Show them the money

Joey Matthews | 9/17/2015, 9:04 p.m.
6 local black businesses expect to cash in on UCI races
Mama J’s Kitchen co-owners Lester Johnson, left, and his mother, Velma R. Johnson, are working with Russell Bennett of Outdoor Affair Catering to provide food at the Libby Hill VIP tent during the UCI Road World Championships. Photo by Sandra Sellars

Lester Johnson, co-owner of Mama J’s Kitchen in Downtown, set the wheels in motion last year to try to earn a piece of the economic pie that the 2015 UCI Road World Championships is expected to generate when cyclists from across the world roll into town this weekend.

“We really wanted to be a part of it,” Mr. Johnson told the Free Press this week.

So Mr. Johnson said he submitted a bid by the popular black-owned eatery to Richmond 2015, organizers of last spring’s USA Cycling Collegiate Road National Championships to cater meals.

The bid was approved and Mama J’s made 1,800 box lunches for volunteers who worked at the college championships from May 2 through 4.

The strategy was simple: Mr. Johnson wanted to work with officials with Richmond 2015 early because they would be selecting vendors for the bigger, nine-day UCI Road World Championships in Richmond Sept. 19 through 27.

“We wanted to get in front of the people we knew would be making decisions for the UCI bike races,” he said.

Fast forward to this weekend. Mama J’s is contracted by Richmond 2015 to serve 2,700 meals to about 900 people who will watch the final three days of the races Friday, Sept. 25, through Sunday, Sept. 27, from a VIP tent on Libby Hill in the East End.

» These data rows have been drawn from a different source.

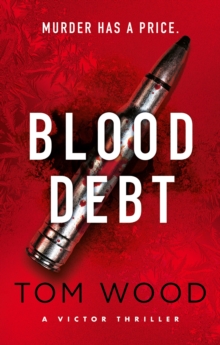 Blood Debt : The non-stop danger-filled new Victor thriller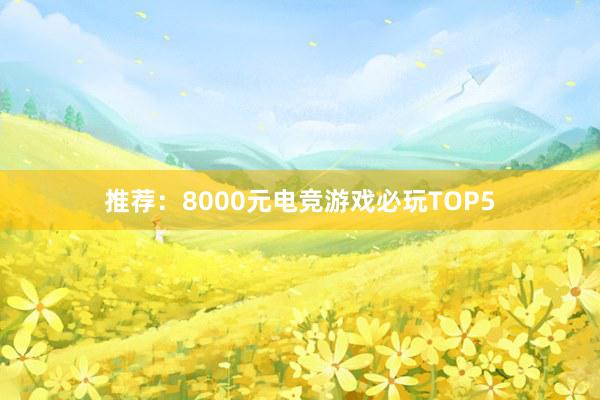 推荐：8000元电竞游戏必玩TOP5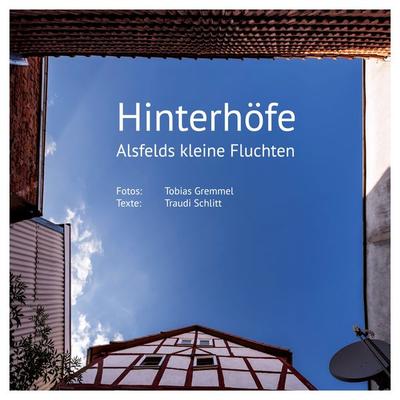 Hinterhöfe, Taschenbuch von Tobias Gremmel,Traudi Schlitt, BoD – Books on Demand, 978-3-7543-5999-0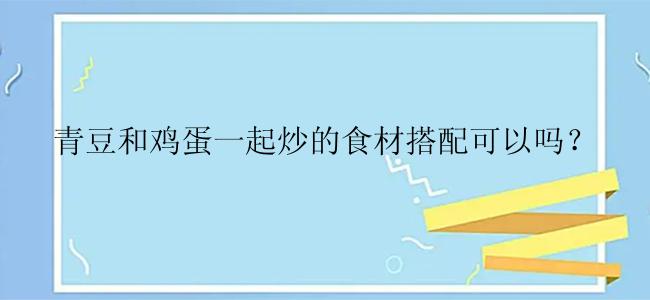 青豆和鸡蛋一起炒的食材搭配可以吗？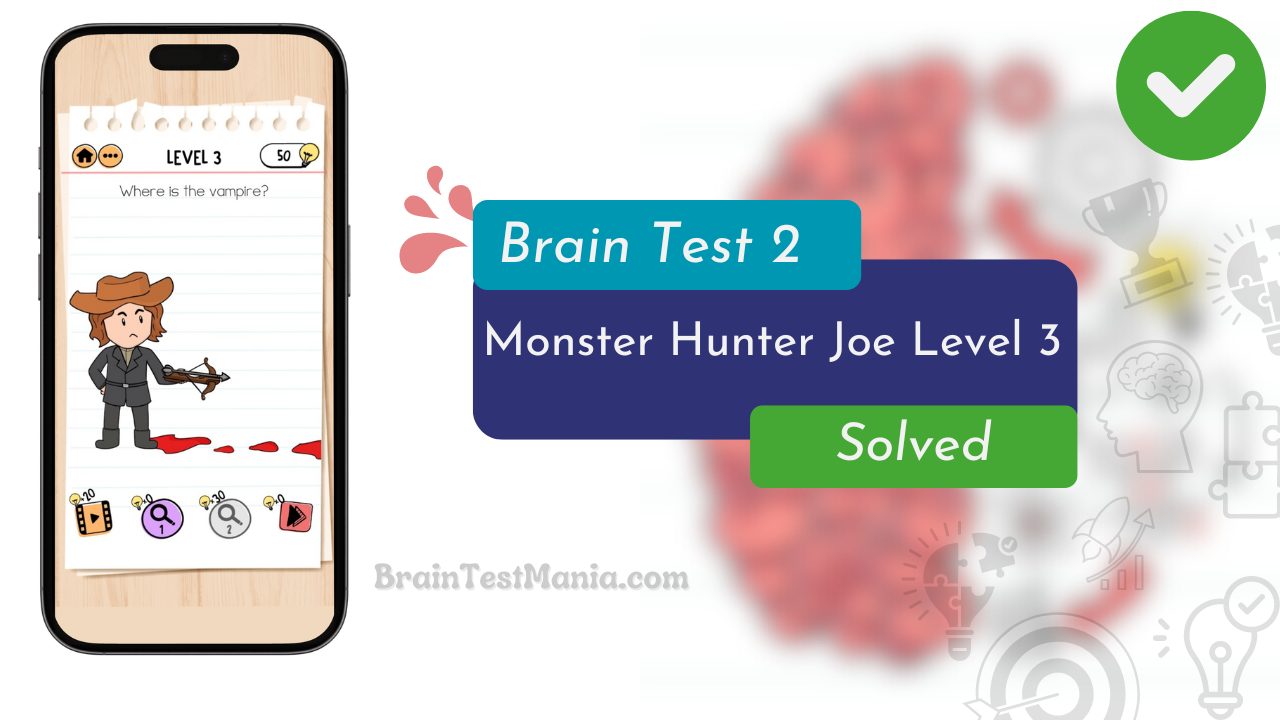 Brain Test 2 Monster Hunter Joe Level 3 Answer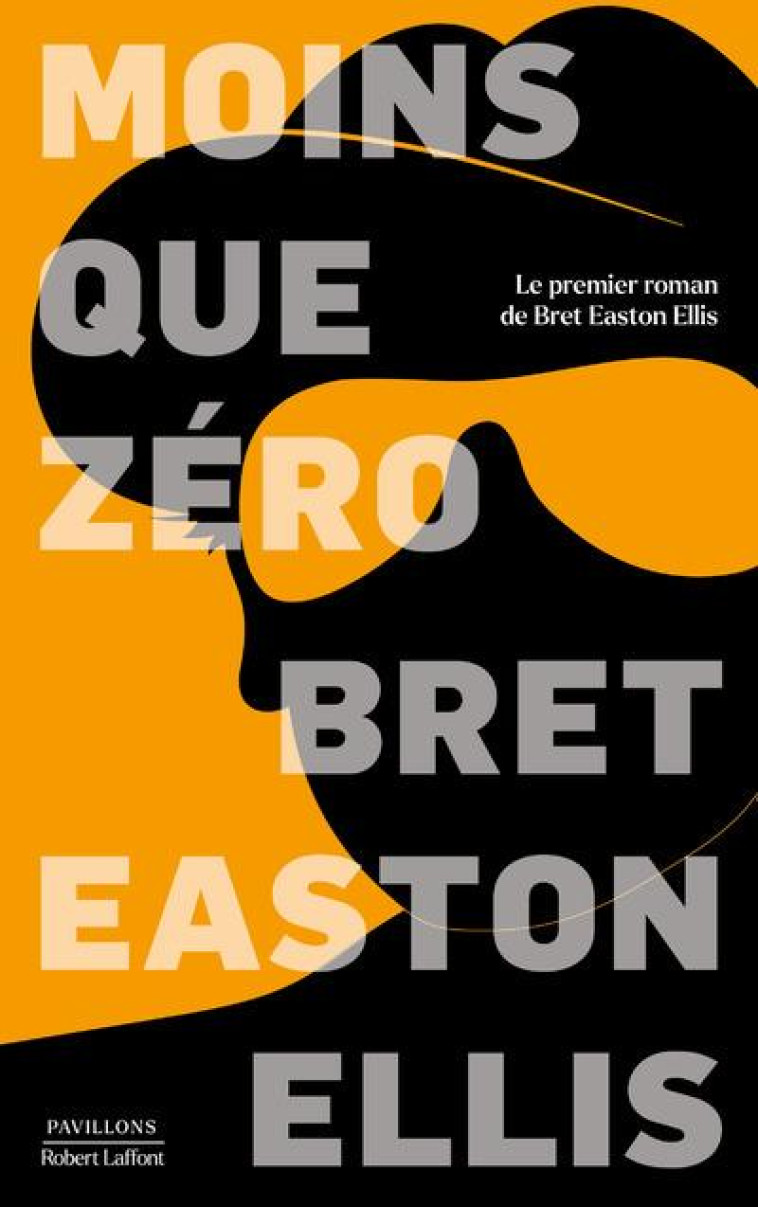 MOINS QUE ZERO - ELLIS BRET EASTON - ROBERT LAFFONT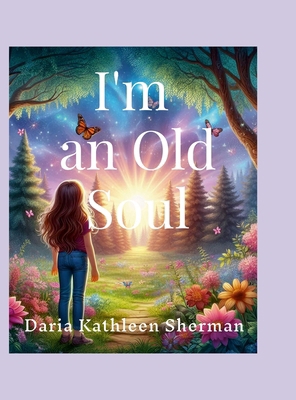 I'm an Old Soul 1300022752 Book Cover
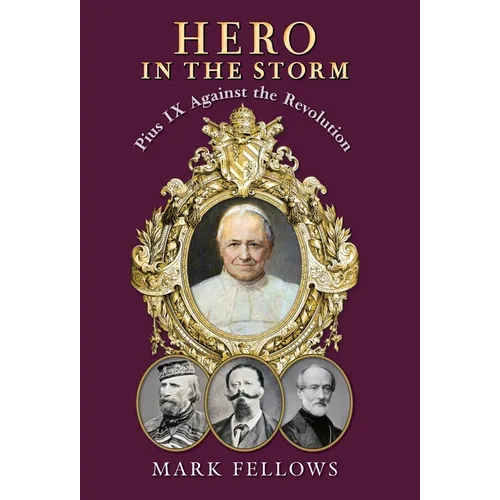 Hero in the Storm: Pius IX Against the Revolution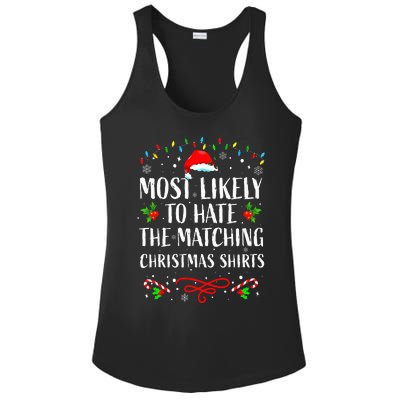 Most Likely To Hate Matching Christmas Funny Family Matching Ladies PosiCharge Competitor Racerback Tank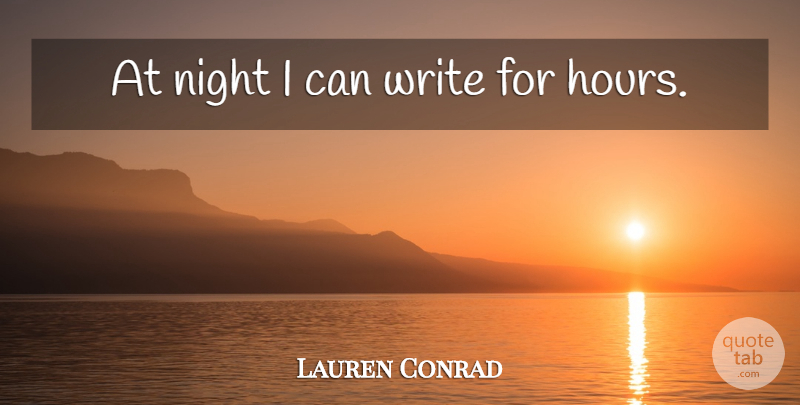 Lauren Conrad Quote About Writing, Night, Hours: At Night I Can Write...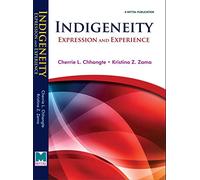 Indigeneity: Expression and Experience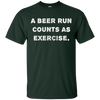 Image of "Une course de bière compte comme un exercice." t-shirt d'entraînement drôle de bière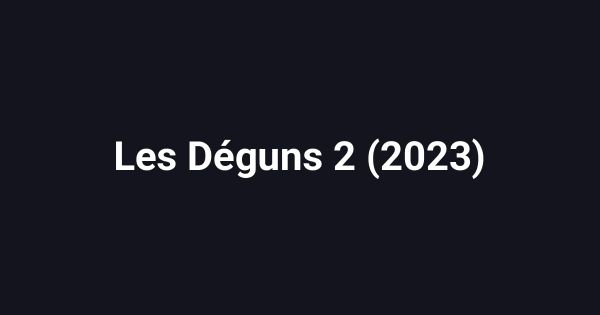 Les Déguns 2 (2023)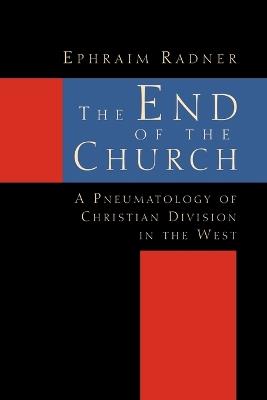 The End of the Church: Pneumatology of Christian Division in the West - Ephraim Radner - cover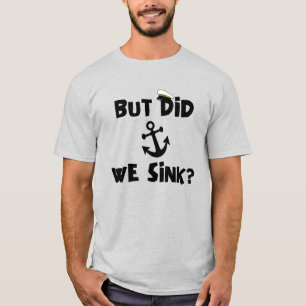 Men har vi sjunkit båtkapten, Cruising Älskare? T Shirt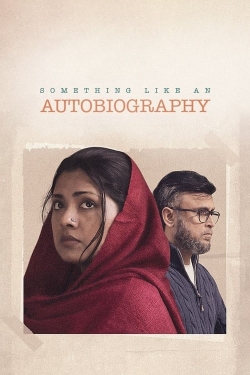 watch Something Like an Autobiography Movie online free in hd on MovieMP4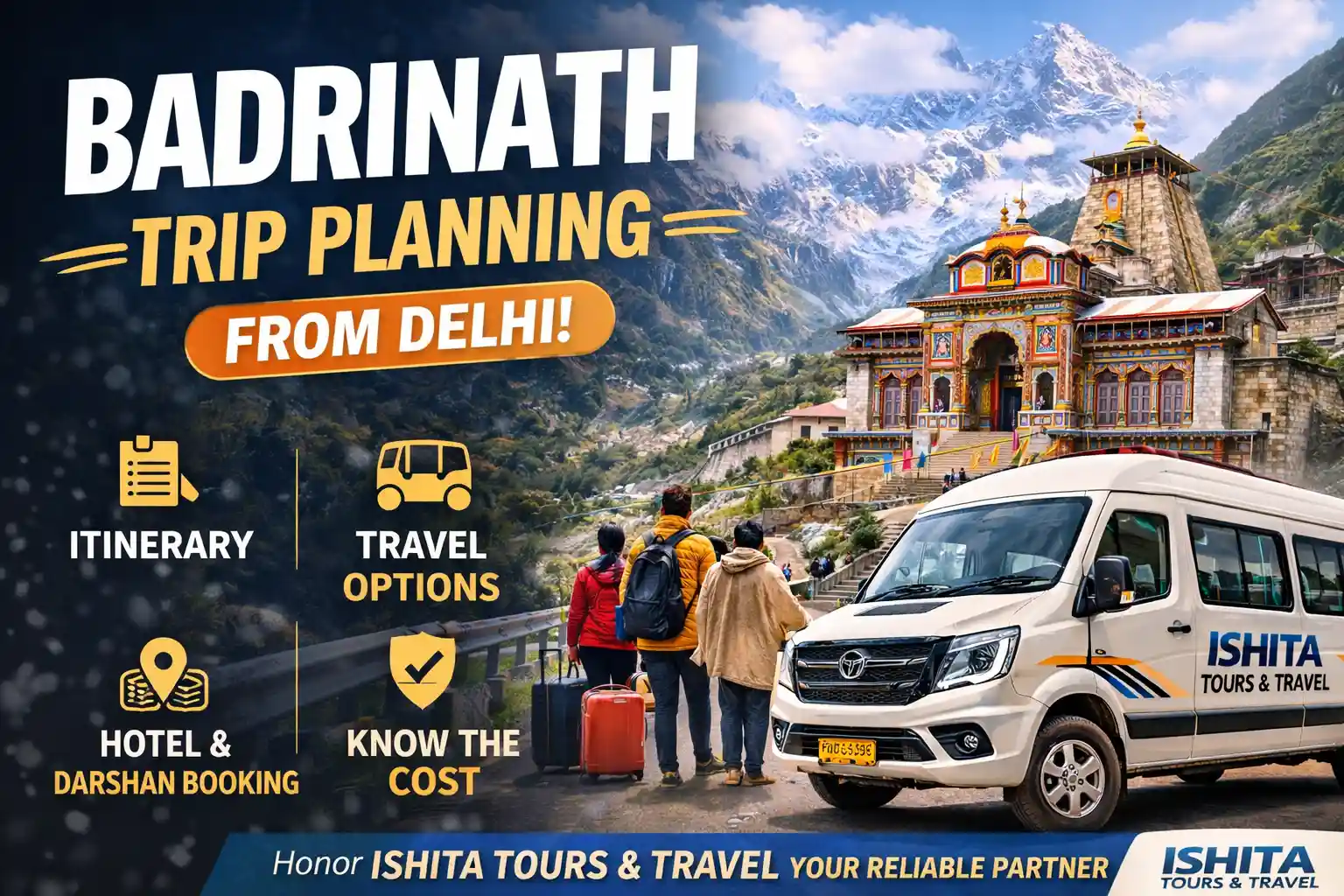 Badrinath Trip Planning from Delhi | Complete Travel Guide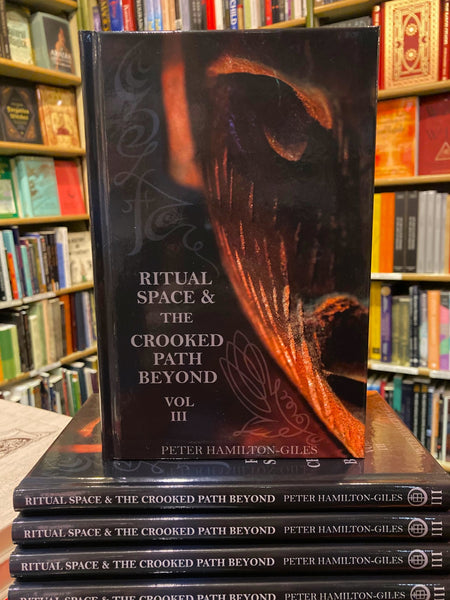 Ritual Space and the Crooked Path Beyond: Volume 3 by Peter Hamilton-Giles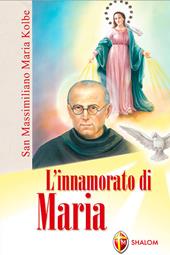 L' innamorato di Maria. San Massimiliano Maria Kolbe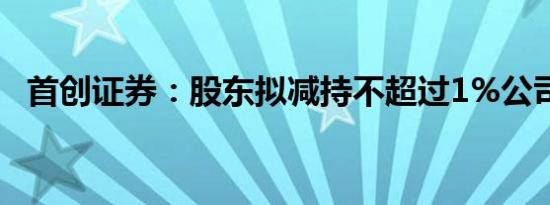 首创证券：股东拟减持不超过1%公司股份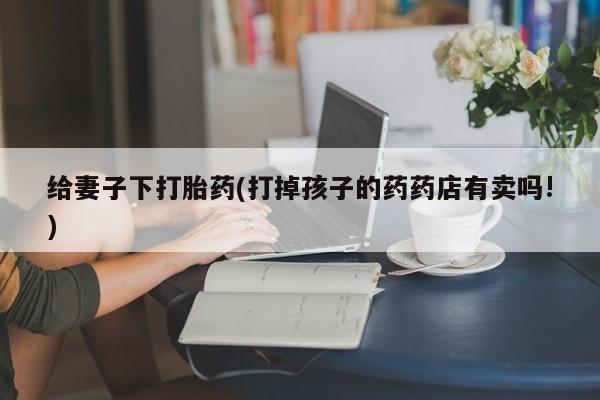 私人卖打胎药微信号，给妻子下打胎药(打掉孩子的药药店有卖吗!)
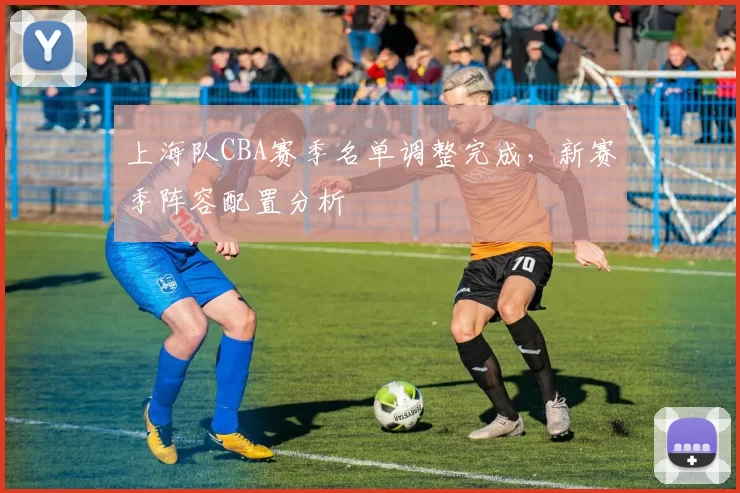 上海队CBA赛季名单调整完成,新赛季阵容配置分析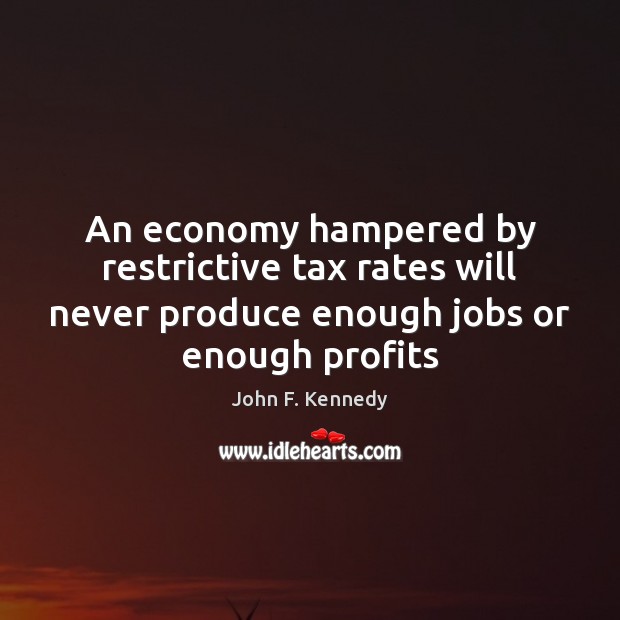 An economy hampered by restrictive tax rates will never produce enough jobs John F. Kennedy Picture Quote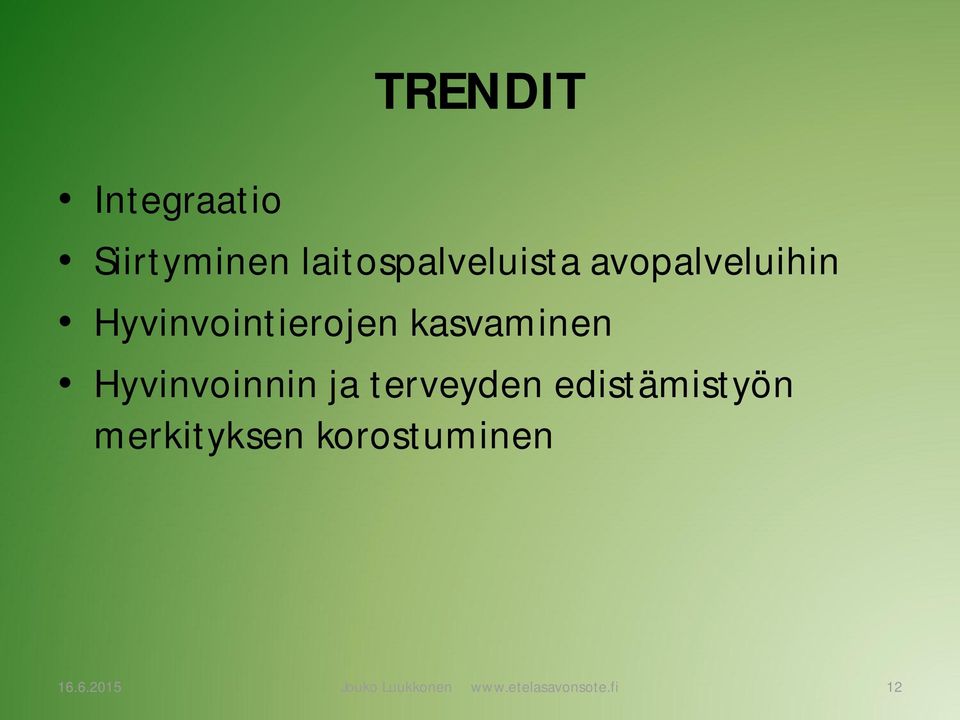 Hyvinvoinnin ja terveyden edistämistyön merkityksen
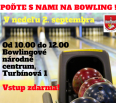 Priatelia, máme pre vás a vašich priateľov a blízkych skvelú príležitosť zabaviť sa. V nedeľu 2. septembra od 10.00 do 12.00 hod. vás pozývame na bowling, ktorý sme pr…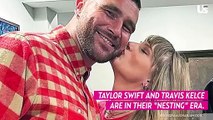 Taylor Swift and Travis Kelce Are in Their ‘Nesting’ Era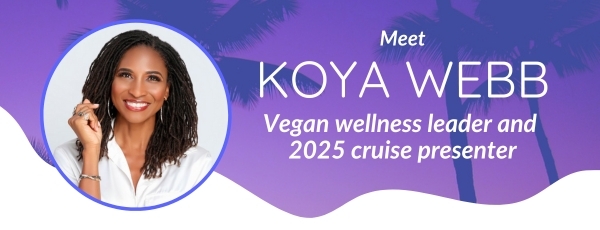 Meet Koya Webb, Vegan Wellness Leader & 2025 Holistic Holiday at Sea Presenter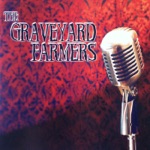 The Graveyard Farmers - Formaldehyde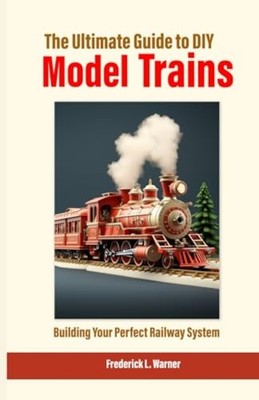 The Ultimate Guide to DIY Model Trains Building Your Pe -  NEW FREDERICK. L. W 2
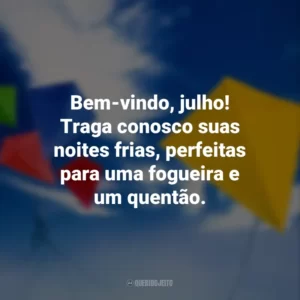 Bem-vindo, julho! Traga conosco suas noites frias, perfeitas para uma fogueira e um quentão.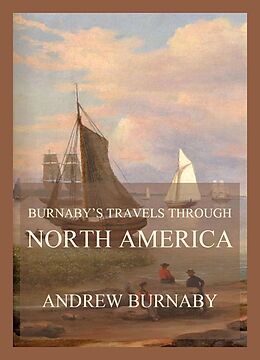 eBook (epub) Burnaby's Travels through North America de Andrew Burnaby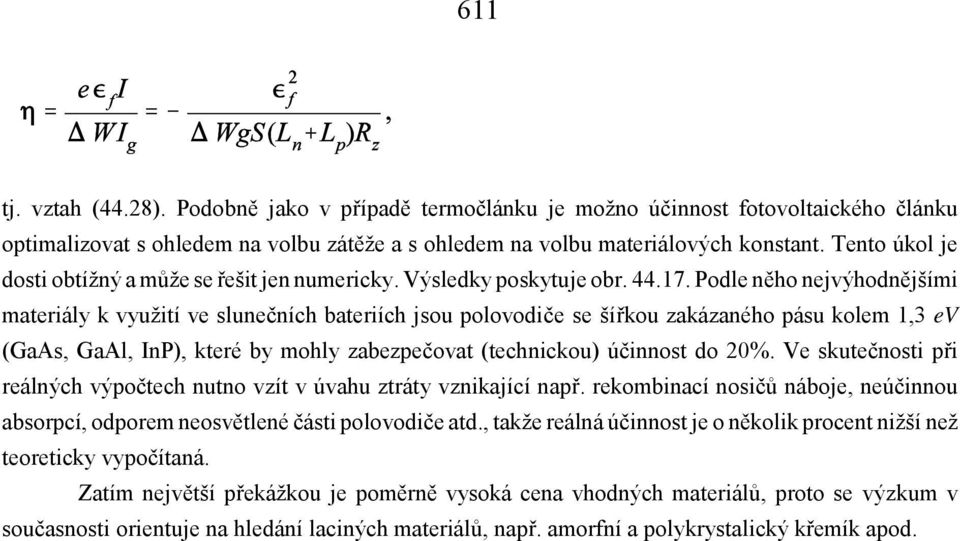 Podle něho nejvýhodnějšími materiály k využití ve slunečních bateriích jsou polovodiče se šířkou zakázaného pásu kolem 1,3 ev (GaAs, GaAl, InP), které by mohly zabezpečovat (technickou) účinnost do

Mama J’s is one of at least six black-owned businesses performing work for the UCI Road World Championships, the Free Press has learned.

The others are marketing firms Johnson Inc. and West Cary Group, Ty’s Hauling and Paving, Kleane Kare cleaning services and the Astyra Corp. staffing agency.

Owners of the six businesses declined to say how much they are being paid by Richmond 2015.

Richmond 2015 and city officials have estimated the bike races will generate about $135 million in economic impact in the Richmond area and another $23 million to $30 million across the state.

Black-owned businesses, long neglected by city and state officials in procurement efforts, had hoped to see more inclusion for the bike races.

Tammy D. Hawley, a spokesperson for Richmond Mayor Dwight C. Jones, said he had asked Richmond 2015 to develop a minority business plan for the bike races, and they “adopted” an inclusion rate of 25 percent or more for women- and minority-owned businesses.

She referred the Free Press to Richmond 2015 officials to find out how much they have spent with black-owned businesses for the UCI races.

In response to several Free Press queries, Richmond 2015 spokesperson Paul Shanks declined to say how much the nonprofit will spend with black-owned businesses.

He also declined to give the total number of vendors involved in the multimillion-dollar venture and what they expect to be paid.

“Richmond 2015 has always been committed to engaging the many excellent businesses that call our region home,” he stated in a Sept. 3 email. “However, our policy prevents us from sharing any contractual details of vendor relationships.”

He added: “To date, more than 50 percent of the organization’s total discretionary spending has been with SWaM certified companies, including many businesses that are African-American owned.” SWaM stands for small, women and minority-owned businesses.

Monica Smith-Callahan, community engagement director for Richmond 2015, said the group held a vendor symposium in February at Richmond International Raceway and worked closely with the city’s Office of Minority Business Development to “get the word out to African-American vendors, to learn what our needs are and what vendors we’re looking to hire.”

Officials from the Office of Minority Business Development did not respond to Free Press queries about those efforts.

Sam Young, president of Astyra in Downtown, said his company envisions providing about 100 workers during the races. He said they would construct and break down any structures related to the races. He said some workers would serve as drivers and course marshals and others would staff retail locations selling memorabilia.

“I think it’s great,” Mr. Young said of being involved in the races. “We are definitely going to make the most of it.”

Sharon Dabney-Wooldridge, owner of Kleane Kare on South Side, said seven to 10 employees would perform housekeeping daily at the Greater Richmond Convention Center in Downtown.

Ken Johnson, owner of Johnson Inc., said his company “is providing marketing related services and stakeholder outreach” for the UCI races and had developed a video, “Time to Ride 2015,” to promote the races.

West Cary Group developed the Navigate.Richmond2015.com website as a “guide for race participants, residents and tourists to explore multiple aspects of the elite event.”

The site includes information on course routes, street closures, transportation and parking options, according to a press release from West Cary Group.

“It was important for us to collaborate with Richmond 2015 and the City of Richmond in order to create a site that demonstrates how prepared we are for the global stage,” stated Moses Foster, president and CEO of the company.

Ty’s Hauling and Paving has been busy hauling and laying concrete across the city in preparation for the races.